I don’t remember asking for a bike. If I’m not mistaken, that was the Christmas I wanted a hippopotamus. Instead, I got a 45 recording of “I Want A Hippopotamus For Christmas,” which even I could see was not the same thing.
We lived in Georgetown where all the sidewalks were brick.
No sooner was this bike presented to me than the training wheels were removed. In my family we did not believe in a learning curve but were largely expected to know things before we learned them. In accordance with which my father took me out back, settled me on the bike and gave me a shove.
I should mention this: it was a boy’s bike. Way too big for me. With a high horizontal crossbar. My feet could just reach the pedals, but they could not touch the ground - even if I stood on them. So starting or stopping were impossible without assistance (I found this out the hard way). It was like balancing above a knife.
My father ran alongside me in case I needed help, and stopped and steadied the bike so I could dismount before we reached the alley’s end (at R Street),
Why a boy’s bike? Why no training wheels? Oh, right. But why so big?
We can second-guess our parents forever. At a certain point in life (like when we get as old as they were then), we come to understand that they were really just kids themselves; that they were using what to them seemed good judgment. And miraculously, with my father’s assistance, I did learn to ride. I just didn’t learn to stop.
We had a housekeeper back then who doubled as a babysitter, and one day with my parents both gone, I wanted to show off my riding skills. I took her out back, asked her to help get me started – and off I went up the alley. Headed straight for R Street.
Remember, I was 5. I say this by way of asking the reader’s forbearance for what came next.
I saw R Street getting closer and closer. I didn’t know what to do. Up to now, an adult – my father or an uncle – had always been trotting alongside. But now I was on my own. I couldn’t stop, I couldn’t turn. I was mystified that our housekeeper wasn’t beside me. How could she not know she was supposed to be there? Everyone else seemed to know.
“Well stop me, you idiot!” I yelled as I came closer and closer to the speeding traffic.
And there you have it: the moment that freezes in time for me. For what it says about class. About entitlement. About a world view – which I had inherited and was already perpetrating on others at the tender age of 5. I couldn’t ride a bike, but I already knew how to shift the blame onto those less fortunate - perhaps the one area in which I was precocious.
I cannot imagine what was going through her mind in that moment. A mixture of shock, denial and panic I would guess.
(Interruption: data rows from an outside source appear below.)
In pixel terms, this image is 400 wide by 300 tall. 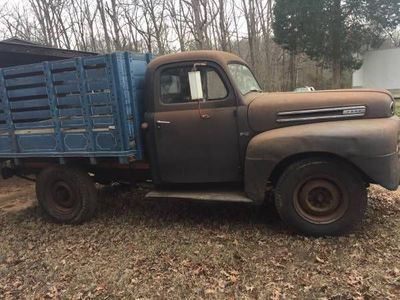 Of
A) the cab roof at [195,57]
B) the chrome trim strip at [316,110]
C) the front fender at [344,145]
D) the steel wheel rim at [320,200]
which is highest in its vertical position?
the cab roof at [195,57]

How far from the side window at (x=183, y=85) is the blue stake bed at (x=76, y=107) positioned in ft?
1.30

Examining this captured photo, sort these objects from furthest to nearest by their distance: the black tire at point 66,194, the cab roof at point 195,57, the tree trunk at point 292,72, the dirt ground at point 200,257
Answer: the tree trunk at point 292,72
the black tire at point 66,194
the cab roof at point 195,57
the dirt ground at point 200,257

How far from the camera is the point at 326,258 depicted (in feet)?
14.2

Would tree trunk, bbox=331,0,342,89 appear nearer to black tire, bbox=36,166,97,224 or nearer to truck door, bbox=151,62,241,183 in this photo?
truck door, bbox=151,62,241,183

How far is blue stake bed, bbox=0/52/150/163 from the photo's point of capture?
5.39 meters

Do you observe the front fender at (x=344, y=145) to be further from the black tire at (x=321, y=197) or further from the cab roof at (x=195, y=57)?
the cab roof at (x=195, y=57)

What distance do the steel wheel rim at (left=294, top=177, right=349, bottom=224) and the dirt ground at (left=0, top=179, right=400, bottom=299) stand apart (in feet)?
0.88

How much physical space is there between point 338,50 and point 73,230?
1753 cm

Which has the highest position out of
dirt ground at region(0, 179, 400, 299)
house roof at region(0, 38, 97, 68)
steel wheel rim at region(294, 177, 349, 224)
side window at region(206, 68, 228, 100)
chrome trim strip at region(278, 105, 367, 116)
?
house roof at region(0, 38, 97, 68)

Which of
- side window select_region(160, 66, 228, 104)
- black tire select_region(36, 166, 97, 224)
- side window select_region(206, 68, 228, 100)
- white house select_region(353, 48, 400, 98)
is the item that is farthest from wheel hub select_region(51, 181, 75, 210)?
white house select_region(353, 48, 400, 98)

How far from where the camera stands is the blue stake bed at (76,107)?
5.39 metres

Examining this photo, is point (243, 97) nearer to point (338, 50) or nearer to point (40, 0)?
point (338, 50)

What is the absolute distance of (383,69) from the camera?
25.6m

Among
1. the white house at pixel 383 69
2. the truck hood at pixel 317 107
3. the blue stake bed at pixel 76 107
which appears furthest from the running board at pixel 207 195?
the white house at pixel 383 69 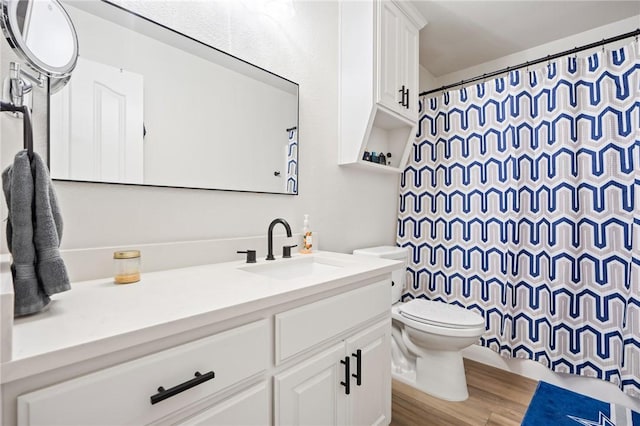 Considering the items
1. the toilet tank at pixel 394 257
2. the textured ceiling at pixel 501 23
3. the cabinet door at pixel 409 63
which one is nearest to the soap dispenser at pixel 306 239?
the toilet tank at pixel 394 257

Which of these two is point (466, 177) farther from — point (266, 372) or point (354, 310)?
point (266, 372)

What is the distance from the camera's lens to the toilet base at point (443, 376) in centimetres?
176

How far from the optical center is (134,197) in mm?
1118

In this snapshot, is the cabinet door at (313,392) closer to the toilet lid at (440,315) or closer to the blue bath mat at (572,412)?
the toilet lid at (440,315)

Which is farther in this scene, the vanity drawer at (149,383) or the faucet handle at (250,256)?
the faucet handle at (250,256)

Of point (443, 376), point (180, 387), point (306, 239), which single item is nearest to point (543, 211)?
point (443, 376)

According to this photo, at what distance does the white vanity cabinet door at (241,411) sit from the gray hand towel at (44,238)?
0.43 metres

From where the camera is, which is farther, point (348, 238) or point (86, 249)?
point (348, 238)

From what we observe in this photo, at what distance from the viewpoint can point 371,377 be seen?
127cm

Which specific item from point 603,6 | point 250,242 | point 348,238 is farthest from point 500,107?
point 250,242

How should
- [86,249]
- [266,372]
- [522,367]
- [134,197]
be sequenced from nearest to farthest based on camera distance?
1. [266,372]
2. [86,249]
3. [134,197]
4. [522,367]

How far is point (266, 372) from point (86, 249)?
714 millimetres

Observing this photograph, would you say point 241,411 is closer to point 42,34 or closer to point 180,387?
point 180,387

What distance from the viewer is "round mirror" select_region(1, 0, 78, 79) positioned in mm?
755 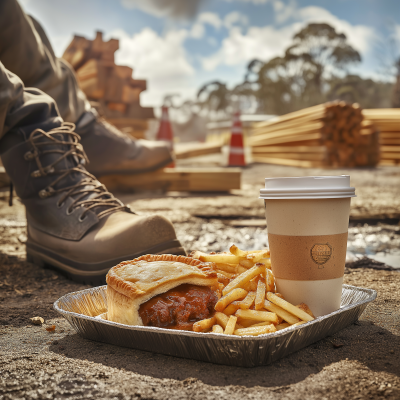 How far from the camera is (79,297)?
5.00 feet

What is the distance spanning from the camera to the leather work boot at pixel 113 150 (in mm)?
3941

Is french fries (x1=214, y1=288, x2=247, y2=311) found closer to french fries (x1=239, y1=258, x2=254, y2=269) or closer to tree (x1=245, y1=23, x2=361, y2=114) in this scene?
french fries (x1=239, y1=258, x2=254, y2=269)

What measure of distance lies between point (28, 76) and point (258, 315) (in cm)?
273

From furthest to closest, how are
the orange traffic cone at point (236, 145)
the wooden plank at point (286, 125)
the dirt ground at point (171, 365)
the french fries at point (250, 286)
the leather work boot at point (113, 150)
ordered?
the wooden plank at point (286, 125) < the orange traffic cone at point (236, 145) < the leather work boot at point (113, 150) < the french fries at point (250, 286) < the dirt ground at point (171, 365)

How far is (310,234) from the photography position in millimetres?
1375

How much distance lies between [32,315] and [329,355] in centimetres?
109

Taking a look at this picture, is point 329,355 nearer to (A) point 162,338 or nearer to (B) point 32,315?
(A) point 162,338

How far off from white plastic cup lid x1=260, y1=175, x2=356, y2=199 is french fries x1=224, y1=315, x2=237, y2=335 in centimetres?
40

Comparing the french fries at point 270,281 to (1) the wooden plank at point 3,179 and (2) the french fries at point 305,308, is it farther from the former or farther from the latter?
(1) the wooden plank at point 3,179

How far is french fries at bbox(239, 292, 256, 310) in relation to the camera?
4.27 feet

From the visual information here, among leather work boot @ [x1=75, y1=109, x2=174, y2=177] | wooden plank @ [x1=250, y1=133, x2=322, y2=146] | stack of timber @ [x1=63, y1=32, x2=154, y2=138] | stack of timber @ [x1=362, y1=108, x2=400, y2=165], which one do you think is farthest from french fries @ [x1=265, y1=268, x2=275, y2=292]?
stack of timber @ [x1=362, y1=108, x2=400, y2=165]

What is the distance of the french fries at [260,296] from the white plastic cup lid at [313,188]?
→ 29cm

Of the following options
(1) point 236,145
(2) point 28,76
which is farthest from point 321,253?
(1) point 236,145

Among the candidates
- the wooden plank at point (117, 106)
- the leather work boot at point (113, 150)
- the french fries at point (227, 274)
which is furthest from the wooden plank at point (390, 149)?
the french fries at point (227, 274) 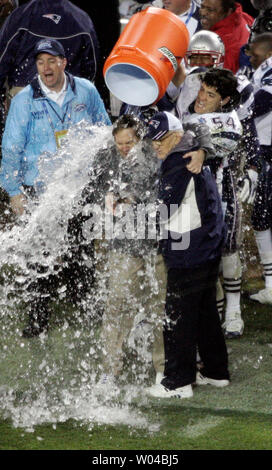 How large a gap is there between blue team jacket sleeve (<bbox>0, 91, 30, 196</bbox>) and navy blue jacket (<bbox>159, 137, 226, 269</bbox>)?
1.28 m

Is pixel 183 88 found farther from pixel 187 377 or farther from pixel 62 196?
pixel 187 377

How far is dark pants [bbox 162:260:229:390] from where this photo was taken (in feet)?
13.6

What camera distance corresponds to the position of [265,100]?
5.55 metres

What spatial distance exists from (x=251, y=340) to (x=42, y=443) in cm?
183

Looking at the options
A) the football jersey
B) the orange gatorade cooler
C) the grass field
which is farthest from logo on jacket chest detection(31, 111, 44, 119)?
the grass field

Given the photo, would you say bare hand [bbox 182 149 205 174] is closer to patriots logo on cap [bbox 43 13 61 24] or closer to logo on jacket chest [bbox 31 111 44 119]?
logo on jacket chest [bbox 31 111 44 119]

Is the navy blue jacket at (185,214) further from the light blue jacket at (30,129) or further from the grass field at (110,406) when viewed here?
the light blue jacket at (30,129)

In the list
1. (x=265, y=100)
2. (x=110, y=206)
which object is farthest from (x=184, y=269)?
(x=265, y=100)

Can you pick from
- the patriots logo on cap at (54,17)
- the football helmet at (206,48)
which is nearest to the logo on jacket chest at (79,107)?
the football helmet at (206,48)

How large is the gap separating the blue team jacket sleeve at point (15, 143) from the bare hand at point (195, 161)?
1.38 meters

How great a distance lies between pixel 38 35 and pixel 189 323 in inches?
105

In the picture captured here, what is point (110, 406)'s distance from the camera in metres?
4.15

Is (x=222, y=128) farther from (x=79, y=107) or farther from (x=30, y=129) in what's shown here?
(x=30, y=129)

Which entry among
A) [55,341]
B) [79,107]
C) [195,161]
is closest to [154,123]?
[195,161] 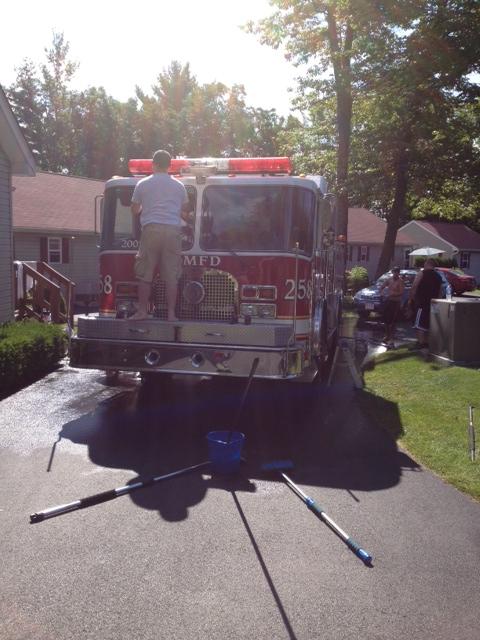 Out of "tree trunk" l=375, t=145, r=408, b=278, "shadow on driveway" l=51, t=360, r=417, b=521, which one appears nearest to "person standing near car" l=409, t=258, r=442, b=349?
"shadow on driveway" l=51, t=360, r=417, b=521

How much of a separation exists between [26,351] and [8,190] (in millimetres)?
5678

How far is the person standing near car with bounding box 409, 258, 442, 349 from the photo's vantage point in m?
13.0

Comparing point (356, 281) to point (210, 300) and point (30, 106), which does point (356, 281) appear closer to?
point (210, 300)

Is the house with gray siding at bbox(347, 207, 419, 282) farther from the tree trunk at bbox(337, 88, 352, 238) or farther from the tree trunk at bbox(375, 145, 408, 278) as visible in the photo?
the tree trunk at bbox(337, 88, 352, 238)

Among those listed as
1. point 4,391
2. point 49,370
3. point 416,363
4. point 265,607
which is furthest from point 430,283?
point 265,607

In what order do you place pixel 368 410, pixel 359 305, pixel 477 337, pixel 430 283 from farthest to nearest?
pixel 359 305 → pixel 430 283 → pixel 477 337 → pixel 368 410

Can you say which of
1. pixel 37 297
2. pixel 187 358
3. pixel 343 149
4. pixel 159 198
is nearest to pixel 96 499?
pixel 187 358

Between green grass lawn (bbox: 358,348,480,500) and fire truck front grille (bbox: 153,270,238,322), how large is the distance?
2.28 meters

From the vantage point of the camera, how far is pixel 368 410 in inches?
334

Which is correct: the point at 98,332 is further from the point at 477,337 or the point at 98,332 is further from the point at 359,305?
the point at 359,305

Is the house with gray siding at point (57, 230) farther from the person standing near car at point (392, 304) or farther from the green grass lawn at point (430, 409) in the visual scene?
the green grass lawn at point (430, 409)

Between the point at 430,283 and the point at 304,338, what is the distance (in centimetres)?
651

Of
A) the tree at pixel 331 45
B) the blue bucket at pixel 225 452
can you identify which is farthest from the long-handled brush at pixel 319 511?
the tree at pixel 331 45

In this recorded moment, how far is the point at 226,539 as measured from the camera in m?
4.40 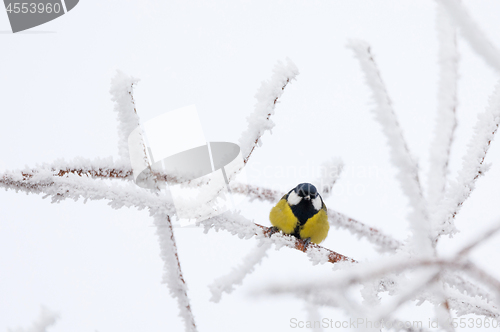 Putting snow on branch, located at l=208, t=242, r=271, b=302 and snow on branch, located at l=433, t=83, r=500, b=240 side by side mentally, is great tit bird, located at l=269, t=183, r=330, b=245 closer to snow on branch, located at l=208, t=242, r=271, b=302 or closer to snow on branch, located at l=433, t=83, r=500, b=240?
snow on branch, located at l=208, t=242, r=271, b=302

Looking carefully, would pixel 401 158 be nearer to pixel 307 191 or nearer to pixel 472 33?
pixel 472 33

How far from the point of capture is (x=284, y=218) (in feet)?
6.32

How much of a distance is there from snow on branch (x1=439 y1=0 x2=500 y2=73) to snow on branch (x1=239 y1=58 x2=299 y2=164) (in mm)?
519

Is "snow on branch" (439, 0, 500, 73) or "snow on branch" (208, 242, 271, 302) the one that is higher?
"snow on branch" (439, 0, 500, 73)

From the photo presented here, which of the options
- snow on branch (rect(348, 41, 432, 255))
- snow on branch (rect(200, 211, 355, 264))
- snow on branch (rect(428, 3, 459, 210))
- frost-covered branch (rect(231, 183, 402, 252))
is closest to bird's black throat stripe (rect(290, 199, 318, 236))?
frost-covered branch (rect(231, 183, 402, 252))

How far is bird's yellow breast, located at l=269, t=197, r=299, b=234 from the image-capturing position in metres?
1.91

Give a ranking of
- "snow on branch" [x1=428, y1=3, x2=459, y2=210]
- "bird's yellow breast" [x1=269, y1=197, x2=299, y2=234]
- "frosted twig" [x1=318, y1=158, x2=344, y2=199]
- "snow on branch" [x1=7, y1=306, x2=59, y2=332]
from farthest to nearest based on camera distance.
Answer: "bird's yellow breast" [x1=269, y1=197, x2=299, y2=234] → "frosted twig" [x1=318, y1=158, x2=344, y2=199] → "snow on branch" [x1=7, y1=306, x2=59, y2=332] → "snow on branch" [x1=428, y1=3, x2=459, y2=210]

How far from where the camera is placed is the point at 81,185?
63 cm

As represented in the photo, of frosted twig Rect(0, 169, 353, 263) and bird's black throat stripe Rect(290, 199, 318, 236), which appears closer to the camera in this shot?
frosted twig Rect(0, 169, 353, 263)

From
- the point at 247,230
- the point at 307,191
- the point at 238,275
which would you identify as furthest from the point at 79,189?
the point at 307,191

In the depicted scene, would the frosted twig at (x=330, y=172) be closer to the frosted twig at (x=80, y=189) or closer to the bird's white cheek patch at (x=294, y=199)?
the frosted twig at (x=80, y=189)

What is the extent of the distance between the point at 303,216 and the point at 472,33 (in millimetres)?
1745

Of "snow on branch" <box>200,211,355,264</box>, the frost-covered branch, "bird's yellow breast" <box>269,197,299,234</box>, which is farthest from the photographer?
"bird's yellow breast" <box>269,197,299,234</box>

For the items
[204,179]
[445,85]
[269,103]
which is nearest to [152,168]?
[204,179] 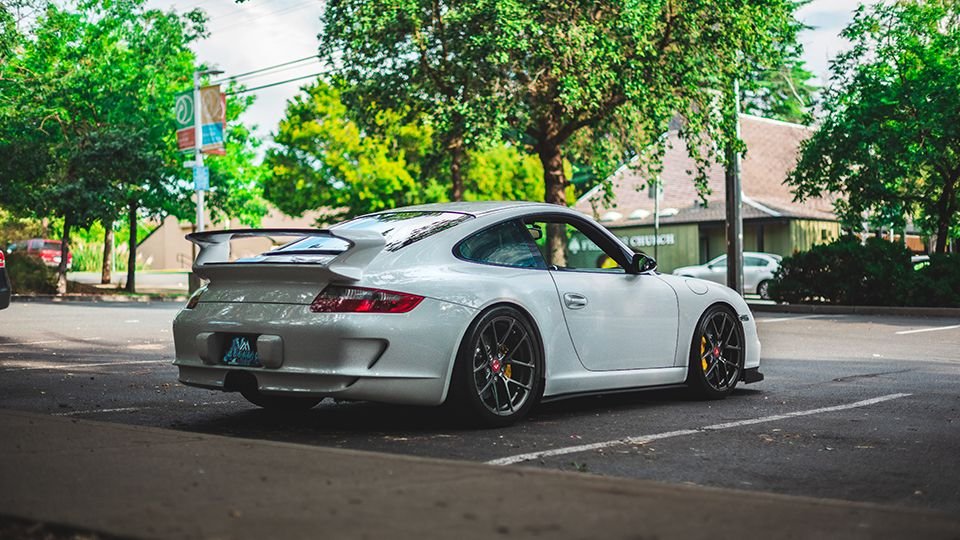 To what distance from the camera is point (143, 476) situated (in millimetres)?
4480

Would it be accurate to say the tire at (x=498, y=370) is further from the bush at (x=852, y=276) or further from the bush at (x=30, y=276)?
the bush at (x=30, y=276)

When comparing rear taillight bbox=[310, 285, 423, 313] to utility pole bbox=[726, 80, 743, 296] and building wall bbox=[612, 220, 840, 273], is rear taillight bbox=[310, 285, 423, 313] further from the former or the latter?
building wall bbox=[612, 220, 840, 273]

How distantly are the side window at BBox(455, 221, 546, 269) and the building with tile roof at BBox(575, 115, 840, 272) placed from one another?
34.1 metres

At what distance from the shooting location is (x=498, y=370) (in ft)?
22.2

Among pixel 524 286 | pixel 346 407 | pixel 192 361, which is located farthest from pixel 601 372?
pixel 192 361

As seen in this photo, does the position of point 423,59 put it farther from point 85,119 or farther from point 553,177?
point 85,119

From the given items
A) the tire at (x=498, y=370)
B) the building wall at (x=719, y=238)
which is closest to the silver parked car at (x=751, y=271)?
the building wall at (x=719, y=238)

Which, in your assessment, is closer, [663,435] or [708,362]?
[663,435]

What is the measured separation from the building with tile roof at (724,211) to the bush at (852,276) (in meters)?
15.4

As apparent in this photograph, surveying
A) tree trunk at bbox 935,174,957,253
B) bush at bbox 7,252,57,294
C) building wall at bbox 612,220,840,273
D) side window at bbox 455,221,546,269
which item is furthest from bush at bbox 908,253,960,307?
bush at bbox 7,252,57,294

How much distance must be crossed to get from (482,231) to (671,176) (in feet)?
142

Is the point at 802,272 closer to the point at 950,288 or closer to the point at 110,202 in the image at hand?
the point at 950,288

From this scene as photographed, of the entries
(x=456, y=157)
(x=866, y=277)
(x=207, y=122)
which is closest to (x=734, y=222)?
(x=866, y=277)

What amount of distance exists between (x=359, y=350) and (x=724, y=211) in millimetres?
40363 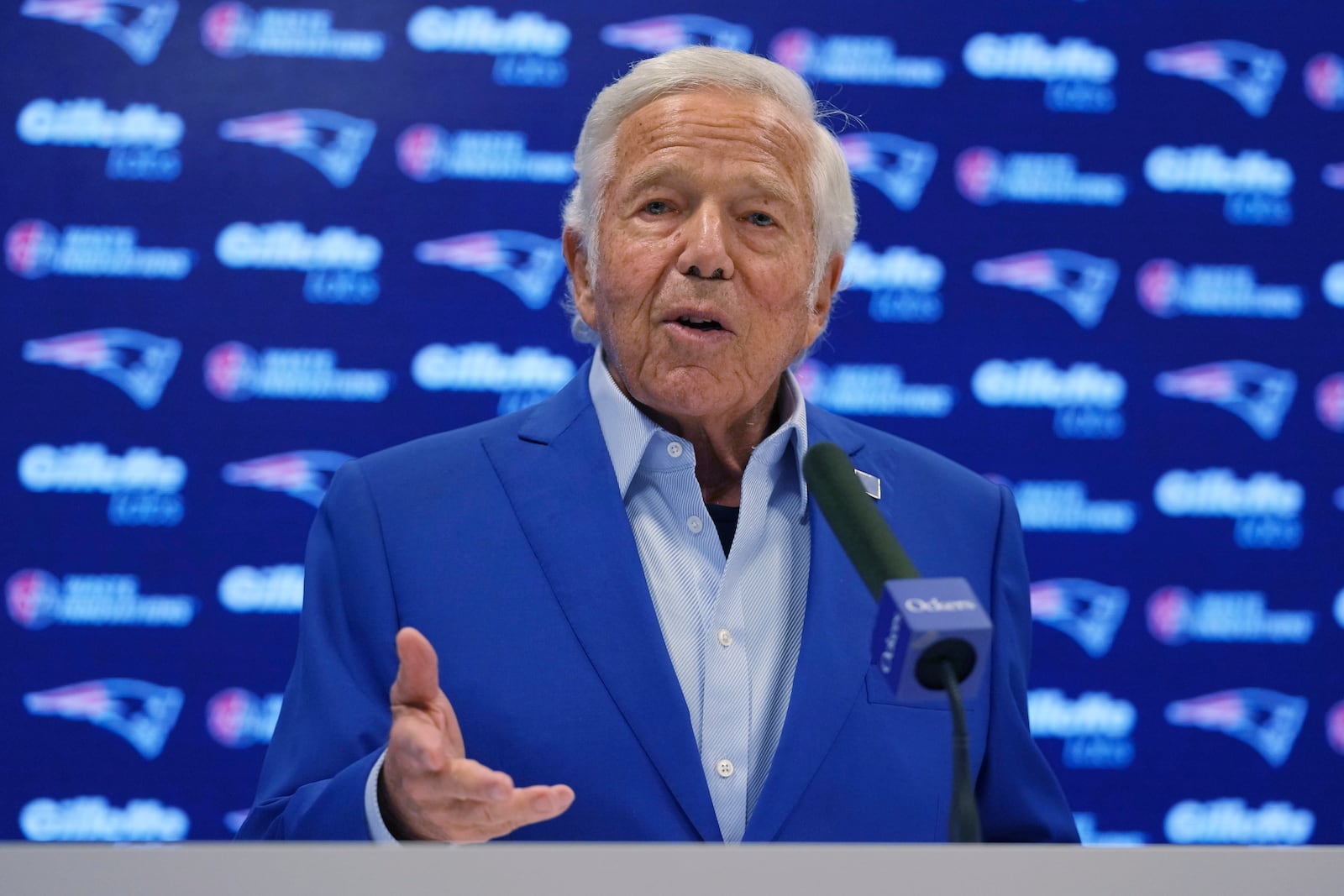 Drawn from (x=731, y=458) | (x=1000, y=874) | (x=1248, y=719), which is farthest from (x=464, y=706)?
(x=1248, y=719)

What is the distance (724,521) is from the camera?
1.72 meters

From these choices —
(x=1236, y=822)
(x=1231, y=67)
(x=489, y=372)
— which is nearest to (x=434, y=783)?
(x=489, y=372)

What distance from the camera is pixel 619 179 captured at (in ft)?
5.86

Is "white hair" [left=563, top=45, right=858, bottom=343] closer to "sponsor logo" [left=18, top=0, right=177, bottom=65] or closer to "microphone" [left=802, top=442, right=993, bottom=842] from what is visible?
"microphone" [left=802, top=442, right=993, bottom=842]

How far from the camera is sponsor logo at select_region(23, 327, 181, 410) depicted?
3002 mm

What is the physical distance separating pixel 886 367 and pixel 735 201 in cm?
150

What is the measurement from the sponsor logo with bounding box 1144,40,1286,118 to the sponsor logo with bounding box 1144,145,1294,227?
0.16 metres

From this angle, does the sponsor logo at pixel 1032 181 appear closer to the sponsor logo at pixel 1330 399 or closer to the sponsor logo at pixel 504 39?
the sponsor logo at pixel 1330 399

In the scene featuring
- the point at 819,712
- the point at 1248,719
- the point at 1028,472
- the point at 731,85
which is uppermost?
the point at 731,85

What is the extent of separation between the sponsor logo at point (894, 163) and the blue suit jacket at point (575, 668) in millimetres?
1672

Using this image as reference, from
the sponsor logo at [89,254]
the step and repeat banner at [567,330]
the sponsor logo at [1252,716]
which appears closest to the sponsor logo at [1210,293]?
the step and repeat banner at [567,330]

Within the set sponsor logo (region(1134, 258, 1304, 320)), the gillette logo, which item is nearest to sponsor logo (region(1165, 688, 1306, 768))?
sponsor logo (region(1134, 258, 1304, 320))

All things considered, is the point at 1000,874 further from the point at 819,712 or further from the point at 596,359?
the point at 596,359

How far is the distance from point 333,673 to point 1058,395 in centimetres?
229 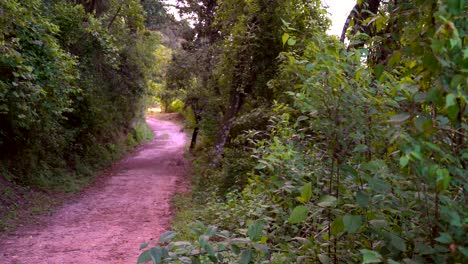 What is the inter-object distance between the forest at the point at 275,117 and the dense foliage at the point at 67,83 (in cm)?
6

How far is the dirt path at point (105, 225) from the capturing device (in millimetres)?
7301

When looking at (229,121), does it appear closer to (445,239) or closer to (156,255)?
(156,255)

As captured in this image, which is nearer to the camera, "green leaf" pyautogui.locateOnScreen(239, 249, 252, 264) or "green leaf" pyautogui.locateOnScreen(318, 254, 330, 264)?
"green leaf" pyautogui.locateOnScreen(239, 249, 252, 264)

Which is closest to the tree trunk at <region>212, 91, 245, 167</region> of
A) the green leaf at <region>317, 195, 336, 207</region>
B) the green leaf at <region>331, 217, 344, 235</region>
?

Time and shame have obliterated both the name and face of this heroic housekeeper from my memory (though I’m sure I was legendary in hers for years to come). But I can tell you this. Although I don’t remember her being particularly athletic (rather the reverse, actually), she took off like a blue streak up the alley, caught up to me at full speed, grabbed that bike by the handlebars and stopped it seconds before I sailed into traffic.
I knew I’d done something wrong, but I didn’t know what. I only knew bike riding seemed somehow beyond me, as were so many things back then.
And the bike? As I recall, we gave it to a boy up the block, a strapping kid who doubtless represented the kind of bulldozer my father would have secretly preferred to a girl. I’m sure he rode it into the ground. I didn’t miss it. If this was friendship - with a bike at least - I wanted no part of it, and for years after that, I preferred to keep my feet well off the pedals.